Cover the Uninsured Week is not what it used to be. The eighth annual event was held last week with much less of the public fanfare that historically has marked the event.
The week that wasn't
Foundation cuts spending, focuses on research
The sponsorship group that launched the weeklong campaign—the Robert Wood Johnson Foundation—has in recent years pulled back on its spending and involvement, a move officials say reflects greater public understanding about the plight of the uninsured.
“The original idea was to ensure that there was awareness about the problem of the uninsured,” said Andy Hyman, senior program officer and team director of the healthcare coverage program at the Robert Wood Johnson Foundation, based in Princeton, N.J. “The focus this year is almost entirely on research.”

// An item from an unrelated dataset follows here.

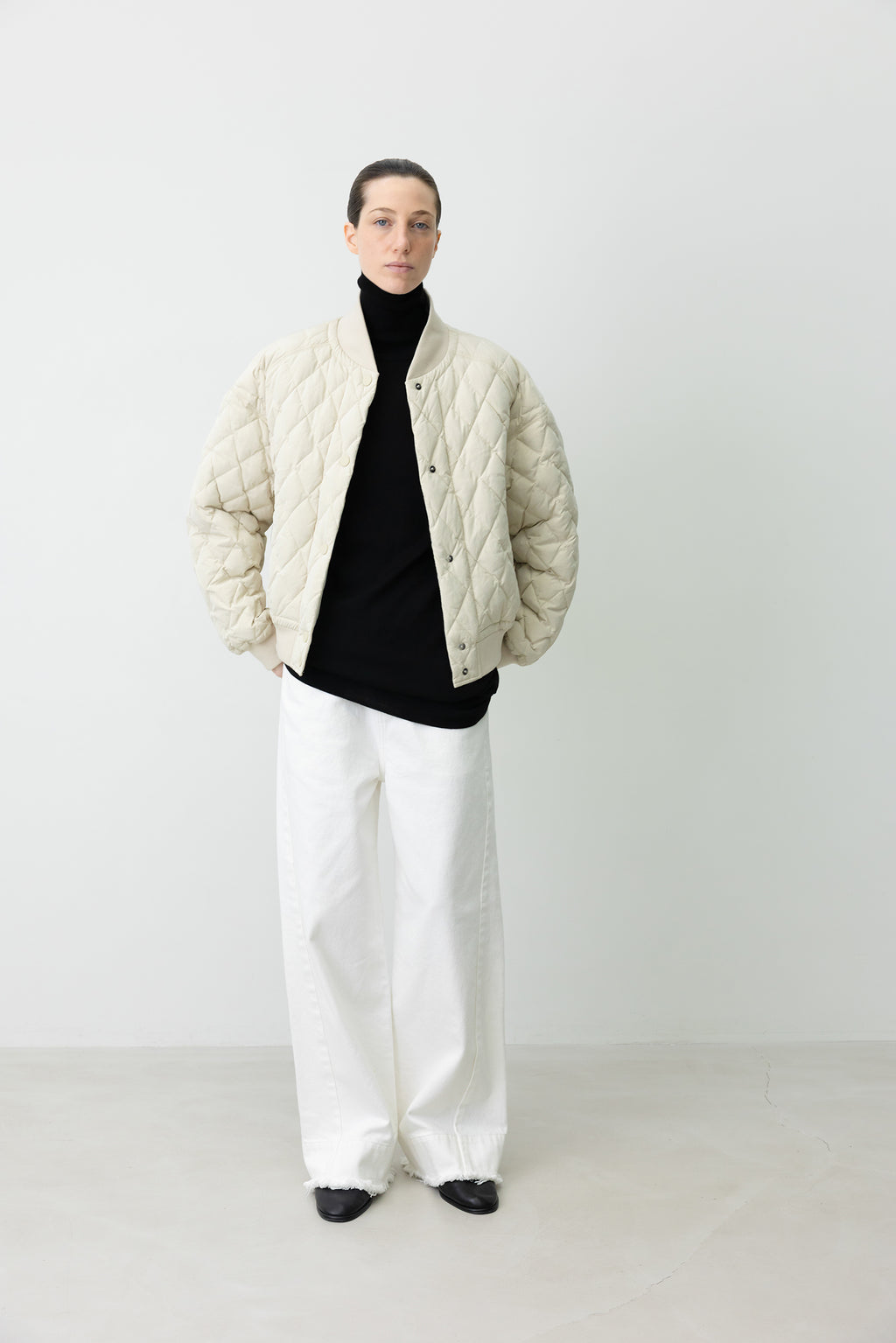Wool Blend Turtleneck Knit Black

In 2003, when the event started, one could argue that members of the public and even some policymakers thought the term “the uninsured” referred to people without auto or home insurance.
The Robert Wood Johnson Foundation set out to educate the public on the coverage crisis, based on solid research. From 2002 to 2004, the foundation funded the Institute of Medicine’s work on the uninsured, which culminated in six volumes of reports. In 2008, the IOM updated its findings on the uninsured.
In addition to research, the Robert Wood Johnson Foundation spent money in prior years on advertising and public awareness campaigns around the week, and put on events with local partners.
But the foundation halted this involvement. This year and last year, it spent no money on advertising and media for Cover the Uninsured Week, Hyman said. He declined to provide details on spending changes.
“The nature of the campaign evolved as health reform evolved,” Hyman said. “Policymakers and the public began to clearly understand the issue of the uninsured.”
Coverage and access for the nation’s 45 million uninsured are a cornerstone of the reform bills in Congress, and coverage is a priority of the president.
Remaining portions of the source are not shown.